I added a clamp around the hose where it connects to the carb and that dropped the fluctuation from 75 or so to around 20. I think it may have just been a vacuum leak because that hose was pretty loose on there. Would that have caused the fluctuation?
Gary, I actually am running full vacuum on my dist. I tried moving it to ported vacuum and the truck just had a roughness in the idle. rpm didn't move on the tach it was steady but just a roughness in the truck. Switched it back to full vacuum and now with the A/C off you cant even tell the truck is running it is that smooth running.
I think some engines will like manifold and some will like ported. I know my emission sticker says it should be ported. But doesn't like ported. My '78 Mercury is set to ported and was when it was running idled great but that could have been due to the fact I have a primitive map sensor that works in conjunction with a yellow DS2 box to advance the timing more than the vacuum and mechanical advance can during high vacuum settings.
I've not encountered an engine that doesn't work well with ported vacuum. However, they will require the idle stop screw to be turned up as the idle will be much slower without the vacuum advance. On the other hand, I can see that an engine will "like" an extra few degrees of timing at idle, and that could cause it to feel like it is running more smoothly.
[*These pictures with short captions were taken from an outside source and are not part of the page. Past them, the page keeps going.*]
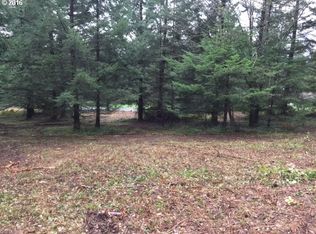 0 NE Highland Meadows Dr, Vancouver, WA 98682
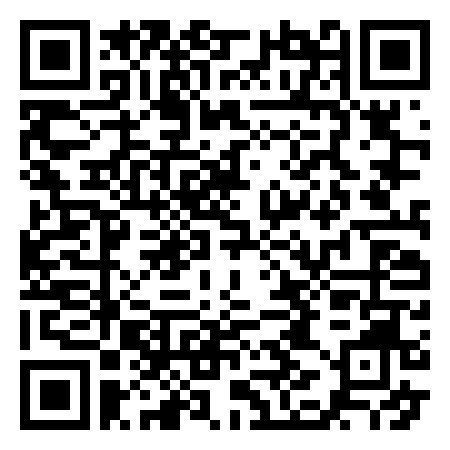 QR Code de Salsipuedes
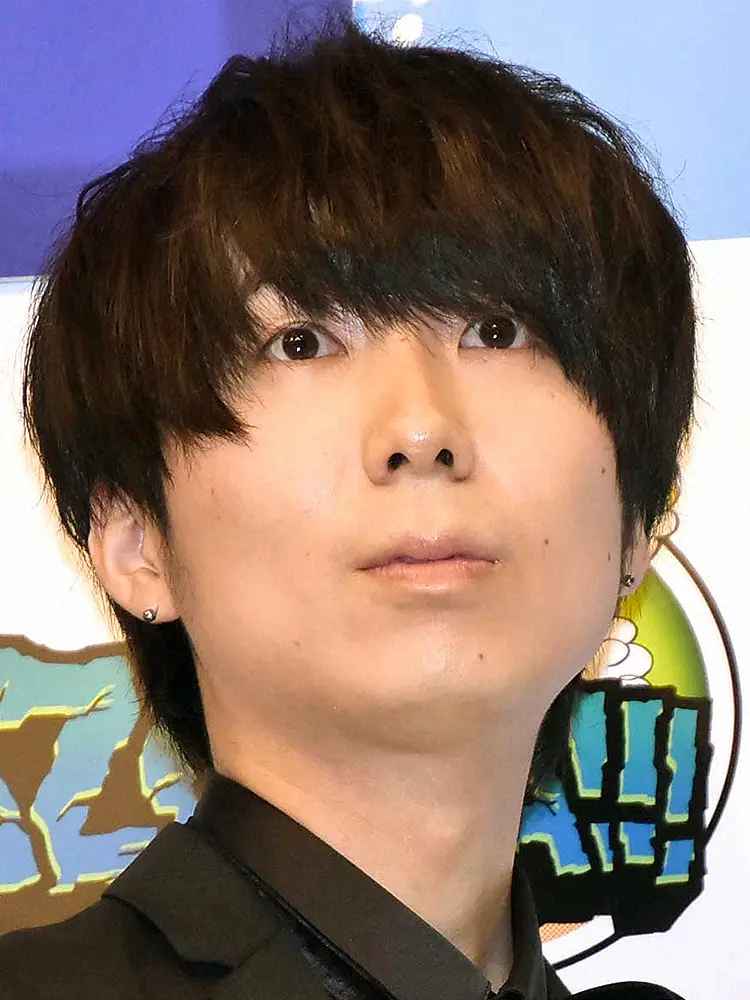 【画像・写真】さとうほなみ　ゲス乙女・川谷絵音は「天才」即答も…「振り回されてる」“ほな・いこか”勝手に命名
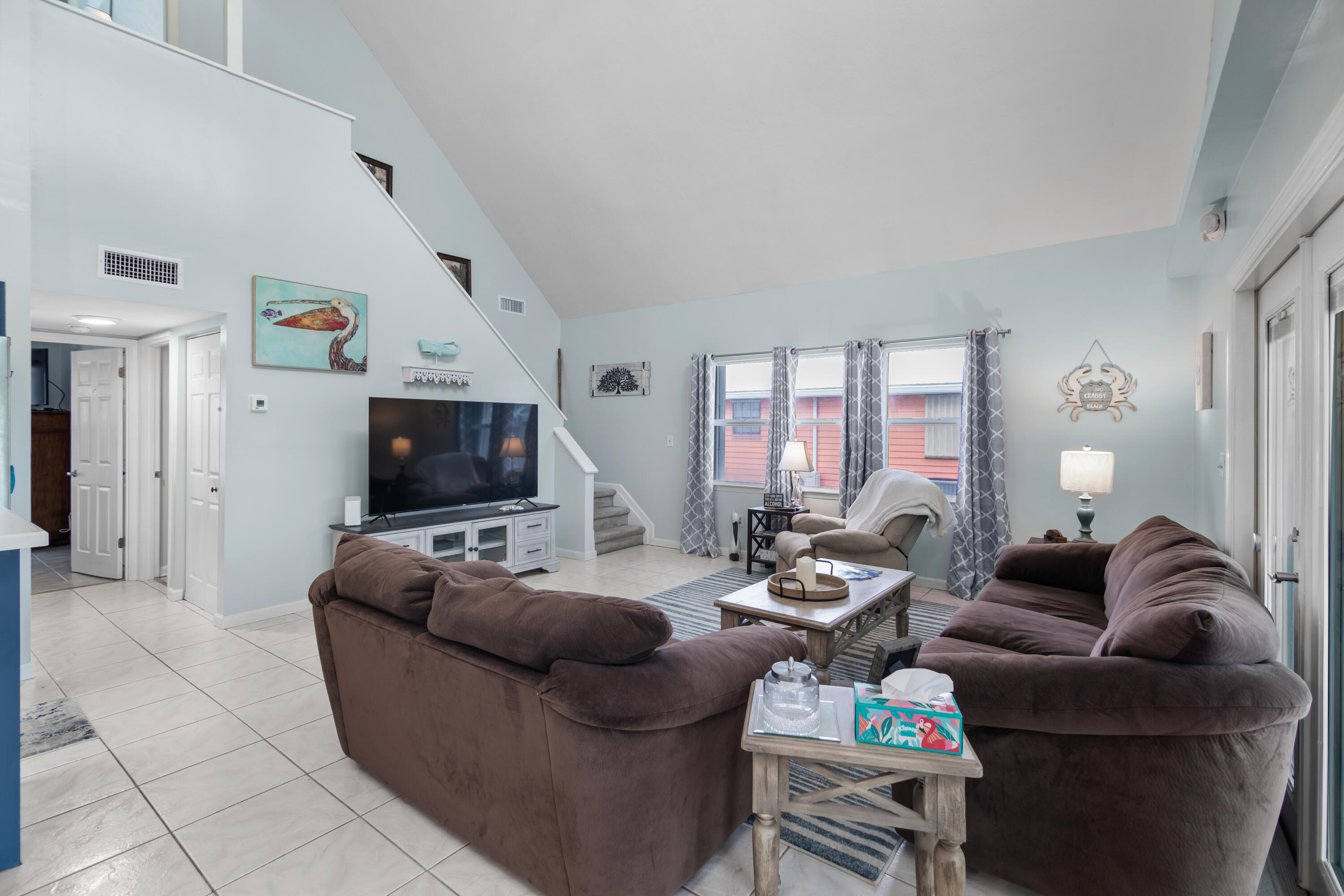 495 Sombrero Beach Road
The problem I have with ported vacuum is that usually the advance is set to be in the middle of its advance range with the vacuum the engine produces at idle. That means that any fluctuation, like the A/C compressor coming on or going off or the choke coming off or dropping the transmission in gear, will change the engine's RPM. And that RPM change changes the vacuum, which changes the advance, which changes the RPM, which..... Basically you are in a feed-back or for/next loop and any change has ripple effects.
However, if you use a vacuum advance that isn't in the middle of its adjustment range at the vacuum the engine generates at idle you can get away from those problems. But, that takes investigation and tuning, and most people don't know how to do that.